**** GIVEN INFORMATION ****
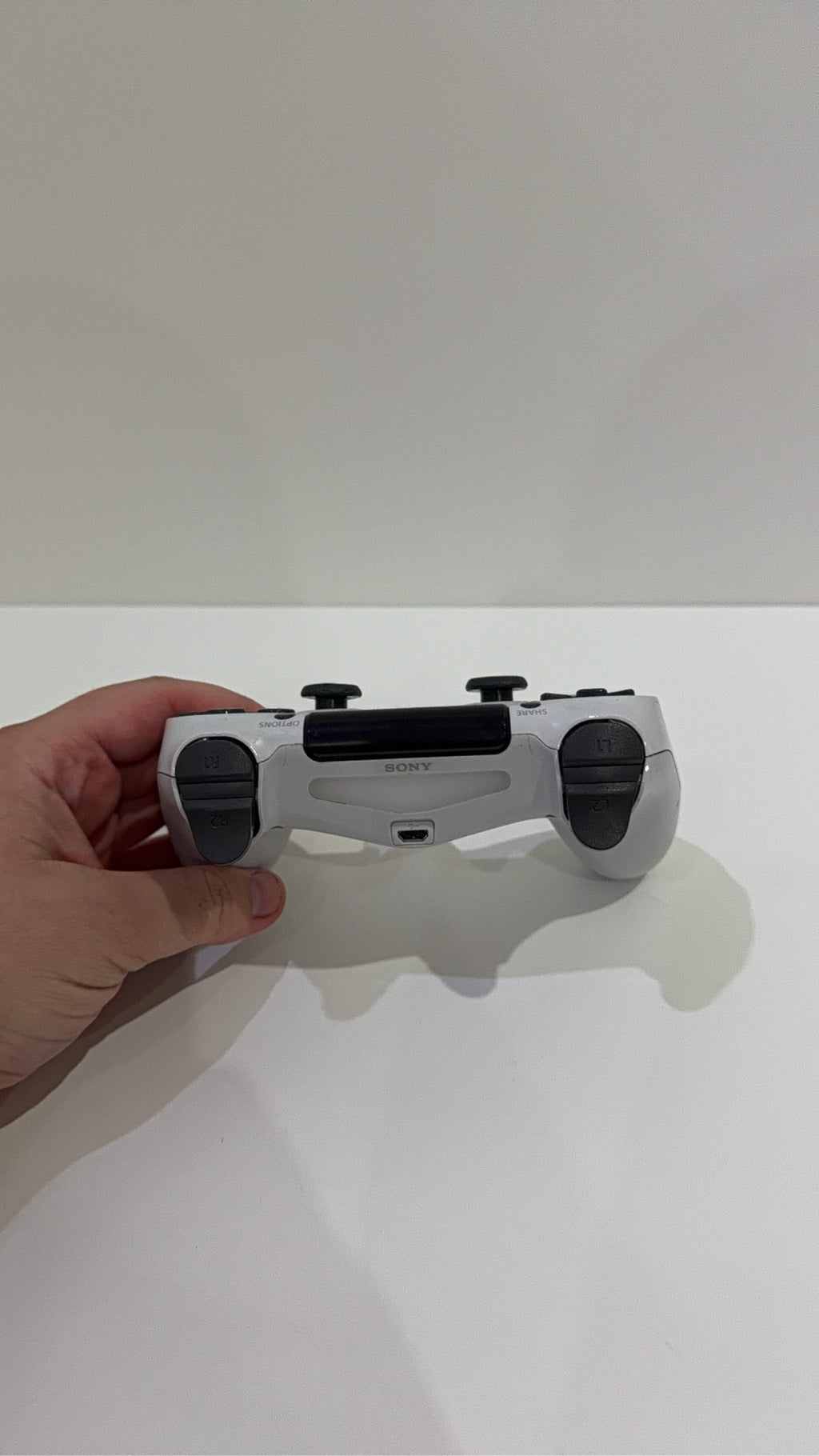 Sony PlayStation 4 Slim White 500GB Console with Controller and Cables, pre-owned gaming system.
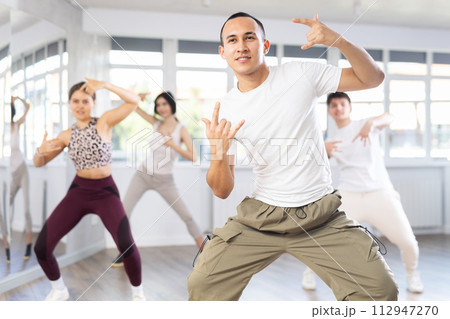 Positive young men and girls dancing modern street dance together during their group training at dance hall 112947270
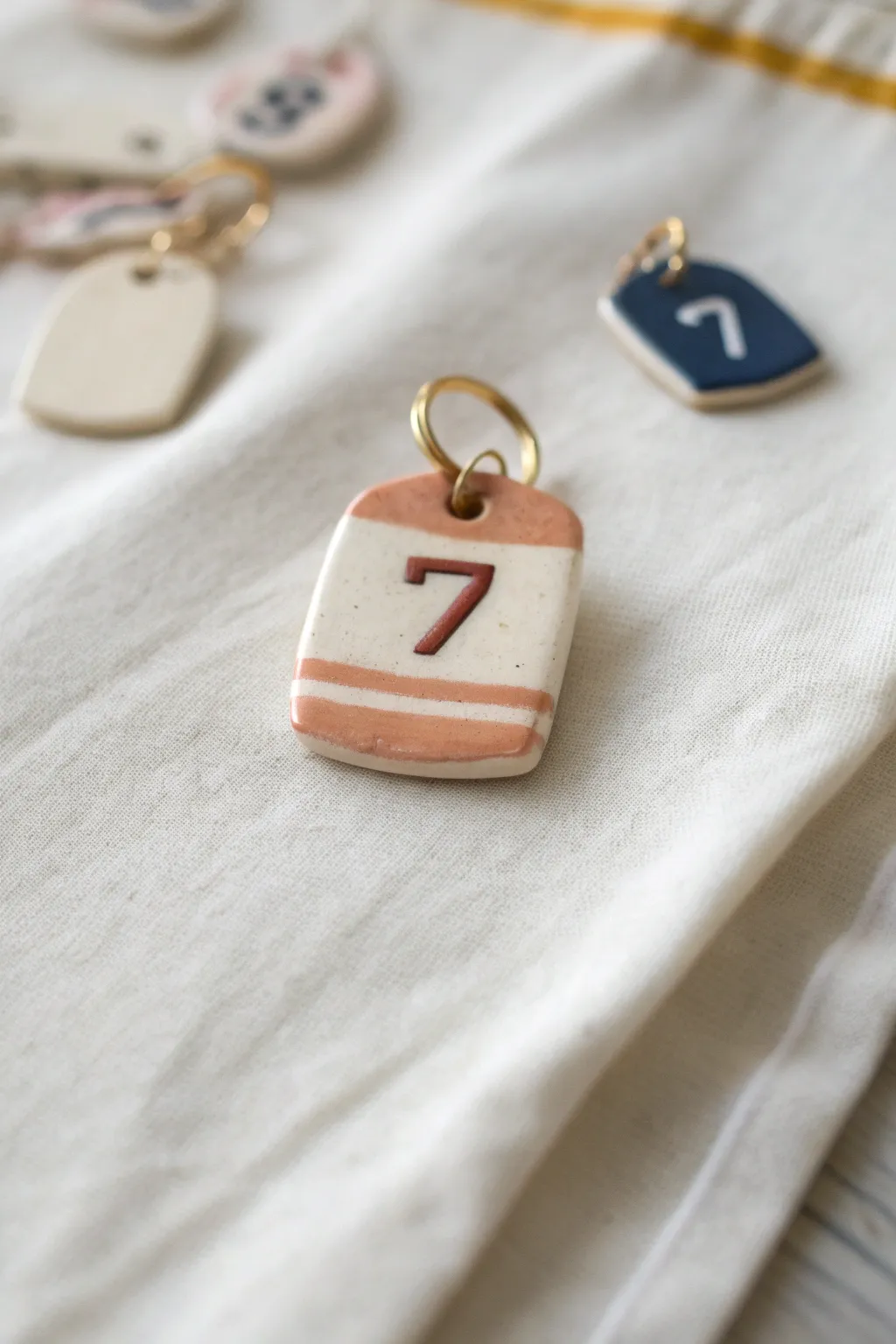 Soft-toned clay hockey jersey number tags with raised numerals, a chic minimalist charm idea.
****
→ WORK ORDER:
Your answer must be exactly the lines from the one with "Positive young men" through the final line of the data, with no pictures in it.

→ REPLY TO THE TASK:
 Positive young men and girls dancing modern street dance together during their group training at dance hall 112947270
 Soft-toned clay hockey jersey number tags with raised numerals, a chic minimalist charm idea.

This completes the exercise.